While I am not sure if this is enough to pull me in:

If you think you might be interested in joining a league or are just curious as to what curling looks like, stop by during any of the leagues. The evening leagues start at 6:30 or 7:00 pm weeknights…

this certainly is:

…..(and the bar upstairs usually opens around 8:30)

Love that!

Well, I’m not so certain I am down with a bonspiels , but I could be up for sitting, sipping and watching some ice action. Thank god for the internet, if I ever change my mind, I can brush up on a few rules before heading out. Just to give me plenty of time to think it all over, the curling season doesn’t start until mid-October.

Before you know it, it could be me saying:
So help me, I like curling. And I’m not ashamed to admit it.

Fat Cheeks Dandelion

by carolyn on 10 August 2007 — Posted in party ender

I’m not even going to pretend that I understand Russian, or even think this is actually remotely entertaining. However, I take it as scientific proof that my annoyances are universal enough to turn up in a Soviet cartoon factory.

ДАНДЕЛИОН!

Fuel

by carolyn on 8 August 2007 — Posted in the hood

chili

Last Friday on the way home from work, a sudden decision to veer off the normal route brought us to a promising site: an entire block filled with international food.
Okay, don’t get too excited now, I am reporting to you from North Seattle.

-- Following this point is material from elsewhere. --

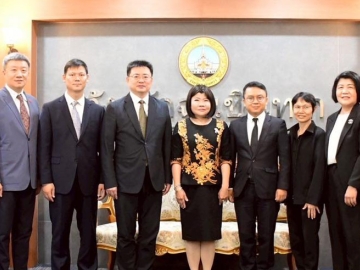 ร่วมหารือ : ฉัตรประอร นิยม ผวจ.ฉะเชิงเทรา ต้อนรับ Mr. Wang รอง ผอ.สำนักงานอุตสาหกรรมและเทคโนโลยีสารสนเทศ มณฑลเฮยหลงเจียง สาธารณรัฐประชาชนจีน และคณะ ในการประชุมด้านการเกษตร เพื่อยกระดับความสามารถของจังหวัดฉะเชิงเทราในการจัดหาวัตถุดิบอาหารสัตว์ และส่งเสริมระบบเกษตร–ปศุสัตว์แบบหมุนเวียน รวมทั้งด้านอุตสาหกรรม การค้าการลงทุน ฯลฯ ณ ศาลากลางจังหวัดฉะเชิงเทรา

But first a Thai restaurant entered the frame, followed by a Pakistani grocery store, immediately followed by Mr. Kabob Authentic Middle Eastern Food freshly prepared in the traditional style”. We went for the thai food and while waiting for our take out pursued the aisles of the grocery store next door. Heaven. For one millisecond the sidekick told me he thought he was standing on 23rd Street. The grocery store and Mr. Kabob will have to be visited again. The Thai food was acceptable for a pleasant I’m-so-tired-its-Friday-dining experience. And while I absolutely adored the rites of Chilipalooza in the neighborhood, it was nice to know there are indeed options.

As an aside, Haller Lake Radio, the conceptual magnet that is continues to be- is threatening to harvest a booth at next year’s Chilipalooza. True. I am feverishly working on the offering: Midlife Crisis Chili, a concoction of regrettable vegetables stewed for about 2.5 years in a bitter peanut sauce. No sports cars or bad haircuts will hopefully be involved. Most certainly we will additionally be broadcasting live that day. Probably some sour cream will be involved as well.